§ **Goal of the exercise**
Could you please find each line in the records that contains the word "image" and copy it?

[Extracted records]
━━━━━━━━━━━━━━━━
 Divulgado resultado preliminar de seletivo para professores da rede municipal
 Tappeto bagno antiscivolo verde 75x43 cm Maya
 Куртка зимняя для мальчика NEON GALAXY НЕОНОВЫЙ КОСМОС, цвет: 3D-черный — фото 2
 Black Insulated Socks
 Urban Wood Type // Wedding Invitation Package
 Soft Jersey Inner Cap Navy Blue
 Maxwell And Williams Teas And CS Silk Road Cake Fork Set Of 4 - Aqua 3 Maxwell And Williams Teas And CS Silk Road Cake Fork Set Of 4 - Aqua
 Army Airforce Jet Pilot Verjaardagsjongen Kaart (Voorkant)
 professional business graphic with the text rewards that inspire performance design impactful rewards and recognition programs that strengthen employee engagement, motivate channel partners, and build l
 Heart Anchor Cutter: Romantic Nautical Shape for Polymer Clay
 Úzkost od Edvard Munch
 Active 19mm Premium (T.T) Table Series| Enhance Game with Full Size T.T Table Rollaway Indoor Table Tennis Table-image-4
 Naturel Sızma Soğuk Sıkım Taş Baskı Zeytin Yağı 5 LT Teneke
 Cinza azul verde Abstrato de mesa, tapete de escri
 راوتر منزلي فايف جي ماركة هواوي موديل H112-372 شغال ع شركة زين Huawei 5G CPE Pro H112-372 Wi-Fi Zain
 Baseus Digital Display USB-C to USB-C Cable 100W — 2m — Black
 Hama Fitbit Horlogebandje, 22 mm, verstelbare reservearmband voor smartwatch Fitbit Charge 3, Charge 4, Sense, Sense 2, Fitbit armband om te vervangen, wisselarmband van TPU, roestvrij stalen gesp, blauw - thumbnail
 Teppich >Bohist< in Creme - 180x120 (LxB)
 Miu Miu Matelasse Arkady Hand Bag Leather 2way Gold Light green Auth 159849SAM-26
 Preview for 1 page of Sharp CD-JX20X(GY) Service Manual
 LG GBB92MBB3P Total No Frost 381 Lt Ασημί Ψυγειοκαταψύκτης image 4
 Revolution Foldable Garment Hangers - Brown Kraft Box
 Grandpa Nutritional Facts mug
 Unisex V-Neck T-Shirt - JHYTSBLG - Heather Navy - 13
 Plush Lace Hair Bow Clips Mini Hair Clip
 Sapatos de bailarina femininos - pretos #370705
━━━━━━━━━━━━━━━━
§ **Response**
 Active 19mm Premium (T.T) Table Series| Enhance Game with Full Size T.T Table Rollaway Indoor Table Tennis Table-image-4
 LG GBB92MBB3P Total No Frost 381 Lt Ασημί Ψυγειοκαταψύκτης image 4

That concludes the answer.